An exact reproduction of the records is required, with all pictures omitted.
────
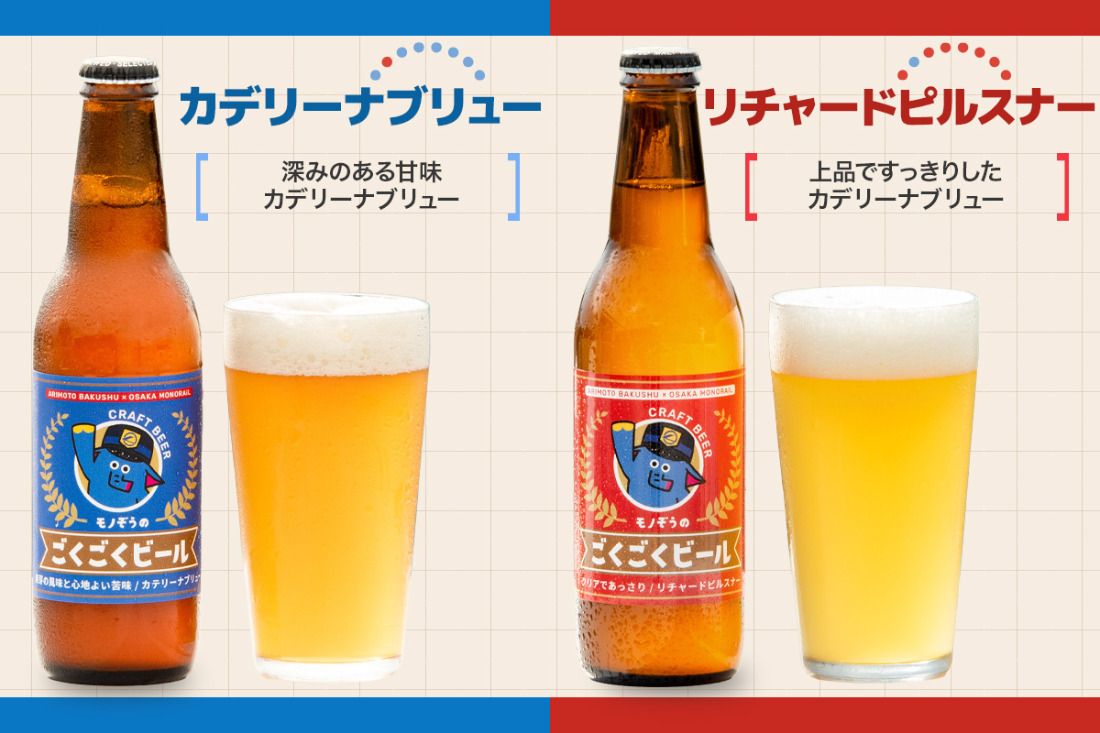 モノぞうのごくごくビール」6本セット 【定番4本＋おまかせ2本】 大阪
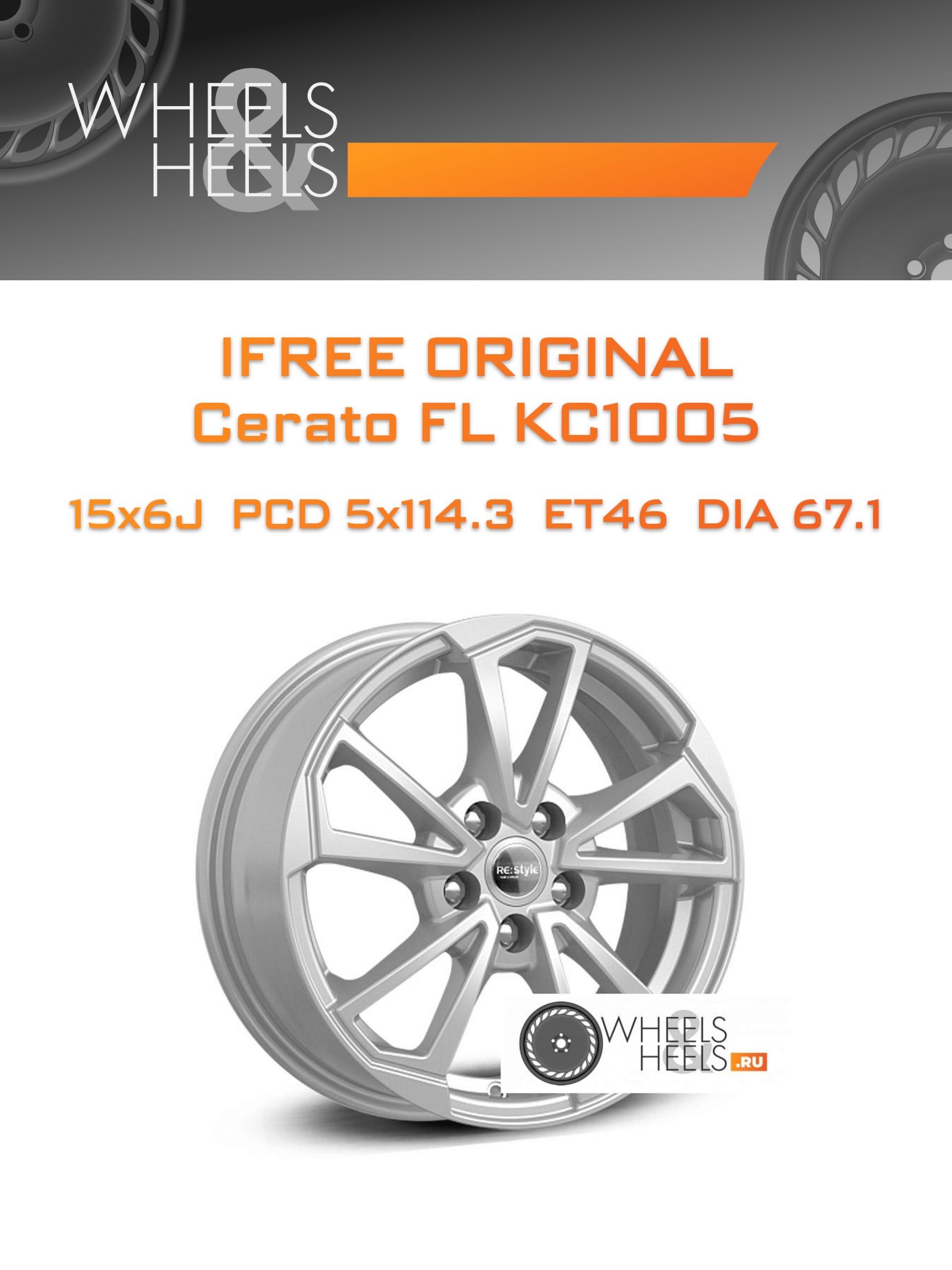 Диски iFree Original Cerato FL КС1005 | Каталог Wheelsnheels.ru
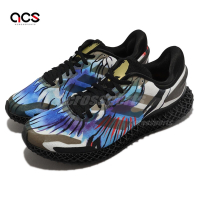 adidas 慢跑鞋 4D Run 1 男鞋 黑 藍 渲染 緩震 運動鞋 愛迪達 FV5278
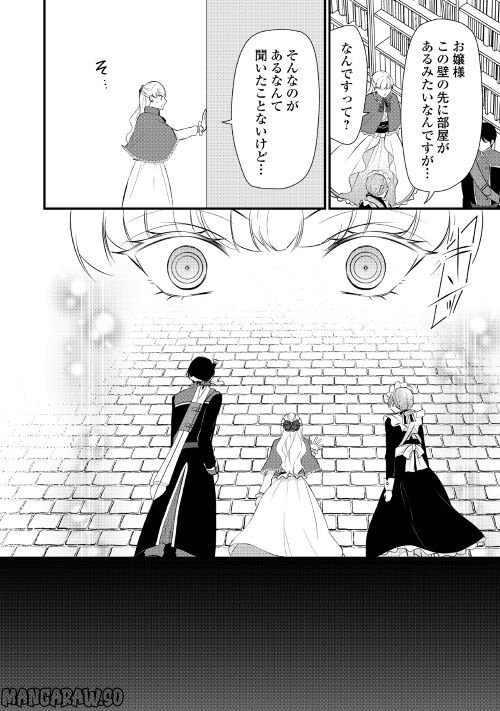 Ｅランクの薬師 第38.2話 - Trang 4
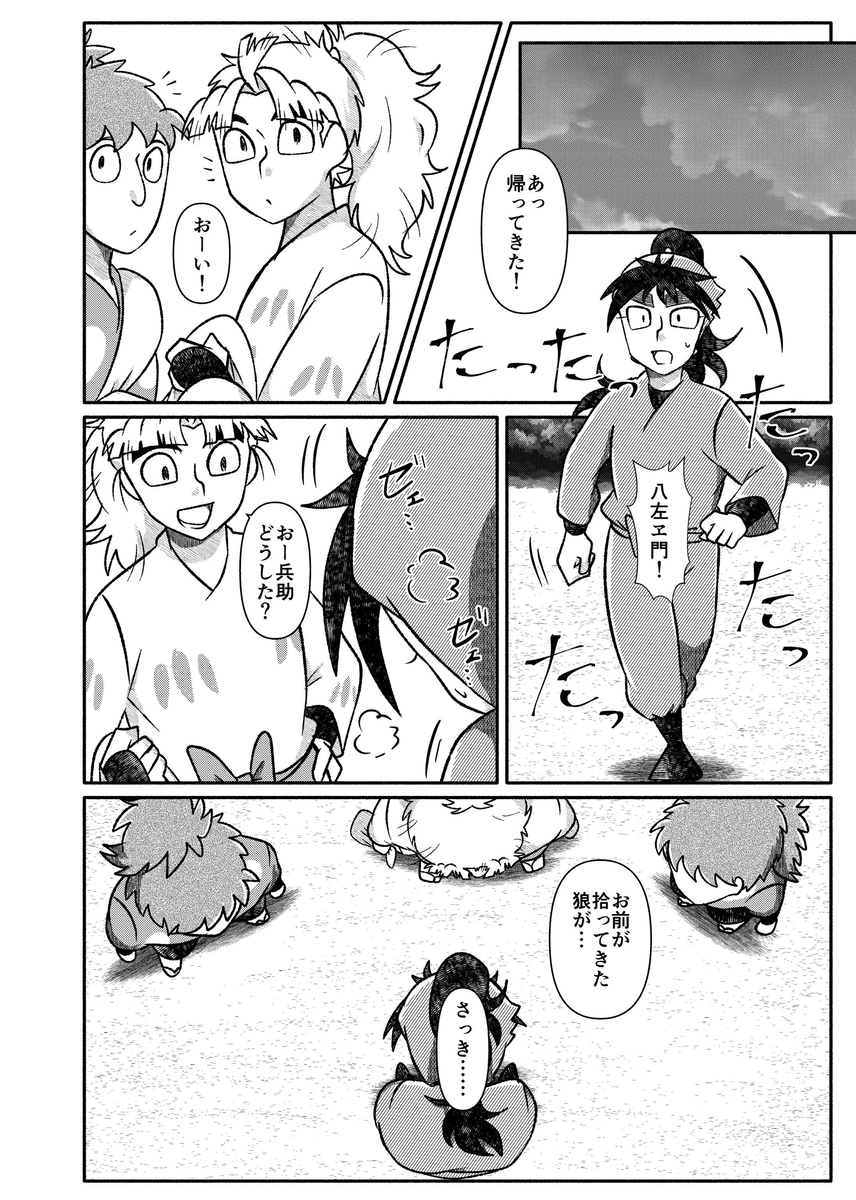 2025/5/3 超忍FES.2025 新刊サンプル
竹谷中心の5年生本になります!これでもう脱稿するしかなくなった……
がんばるぞい (1/3) 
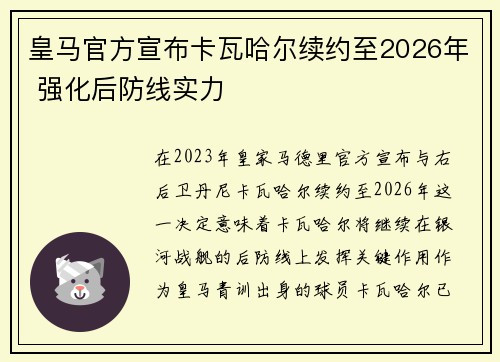 皇马官方宣布卡瓦哈尔续约至2026年 强化后防线实力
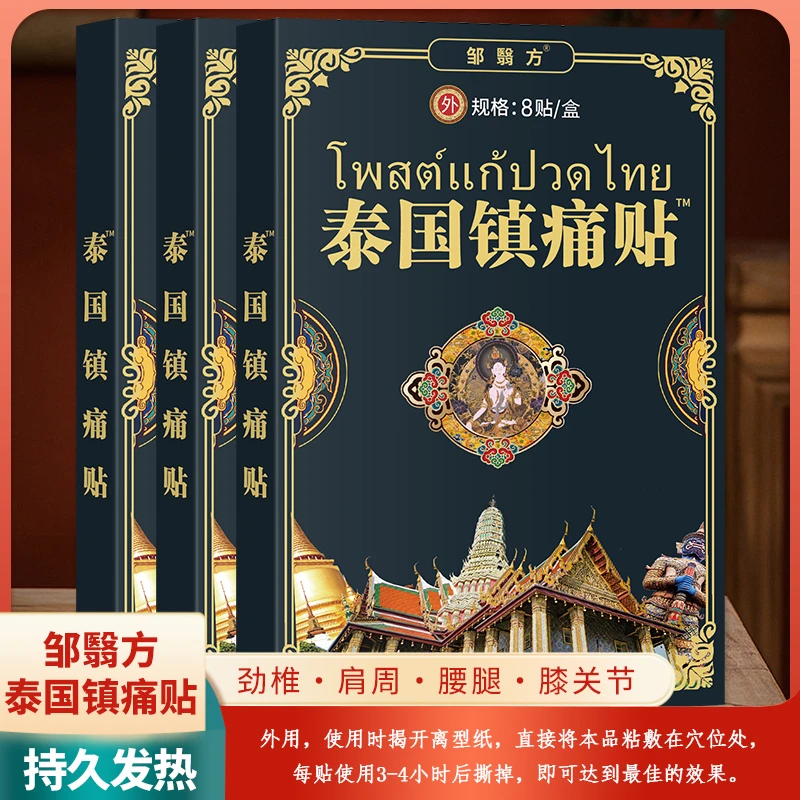 福利【拍5发6】舒缓透气肩颈贴腰椎颈肩热敷精粹镇痛贴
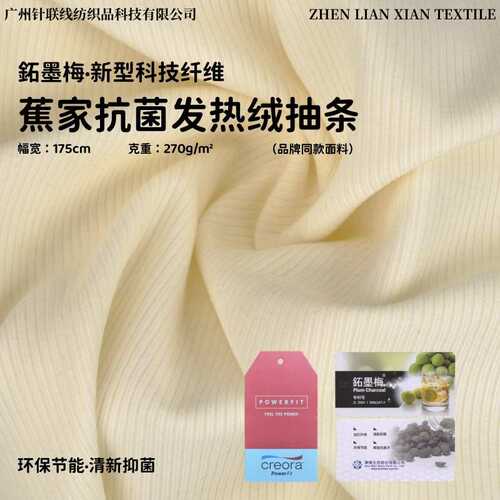 2*2鉐墨梅暖绒 260g保暖蓄热肌底衣家居服套装保暖面料 提供吊牌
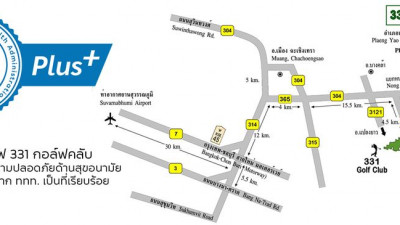 ประกาศวันหยุดปีใหม่สนามกอล์ฟ 331กอล์ฟคลับค่ะ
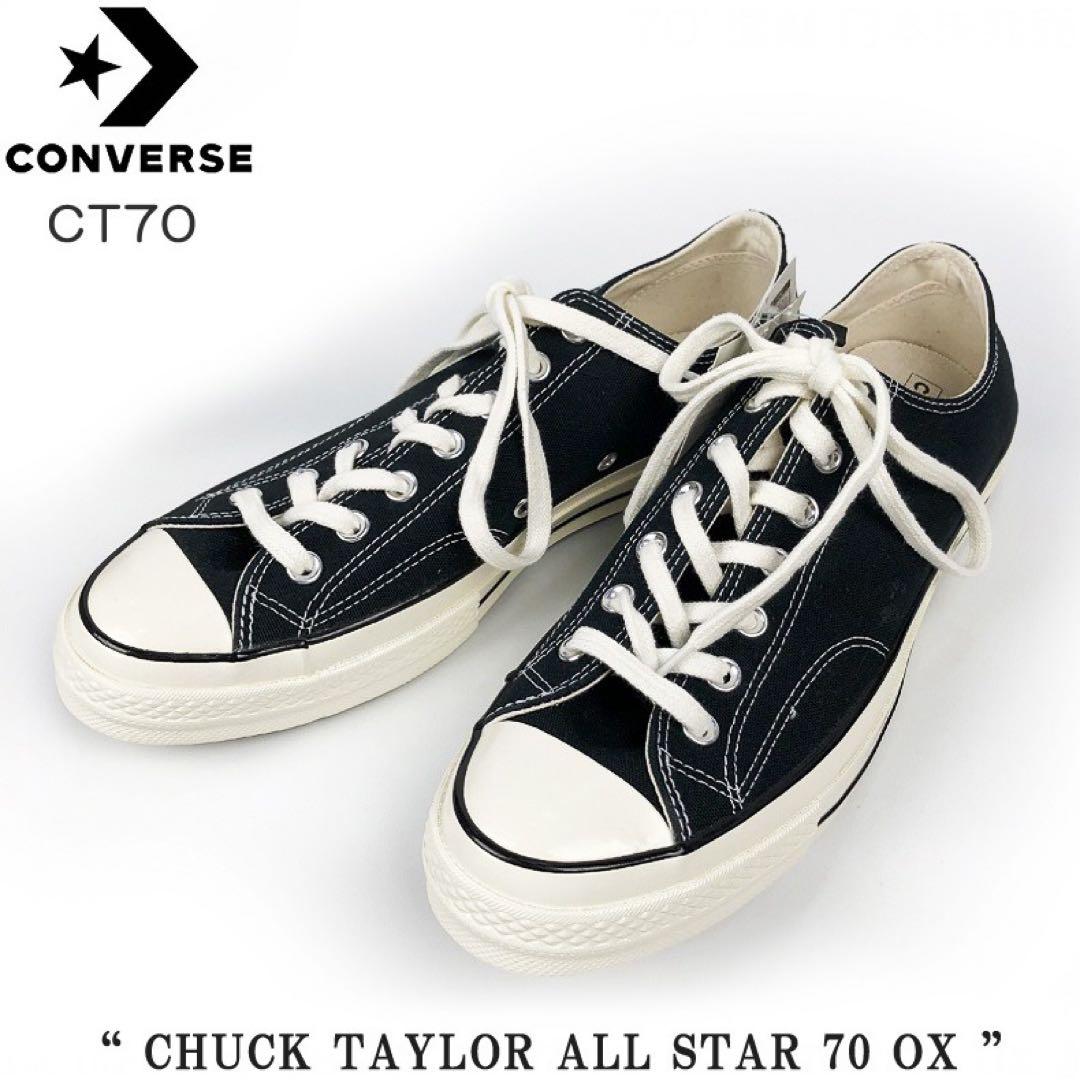 靴 converse CT70 28.5cm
────
Written solution >>
 モノぞうのごくごくビール」6本セット 【定番4本＋おまかせ2本】 大阪
 Диски iFree Original Cerato FL КС1005 | Каталог Wheelsnheels.ru
 adidas 慢跑鞋 4D Run 1 男鞋 黑 藍 渲染 緩震 運動鞋 愛迪達 FV5278
 Ｅランクの薬師 第38.2話 - Trang 4
 2025/5/3 超忍FES.2025 新刊サンプル
竹谷中心の5年生本になります!これでもう脱稿するしかなくなった……
がんばるぞい (1/3) 
 皇马官方宣布卡瓦哈尔续约至2026年 强化后防线实力
 福利【拍5发6】舒缓透气肩颈贴腰椎颈肩热敷精粹镇痛贴
 2*2鉐墨梅暖绒 260g保暖蓄热肌底衣家居服套装保暖面料 提供吊牌
 ประกาศวันหยุดปีใหม่สนามกอล์ฟ 331กอล์ฟคลับค่ะ
 靴 converse CT70 28.5cm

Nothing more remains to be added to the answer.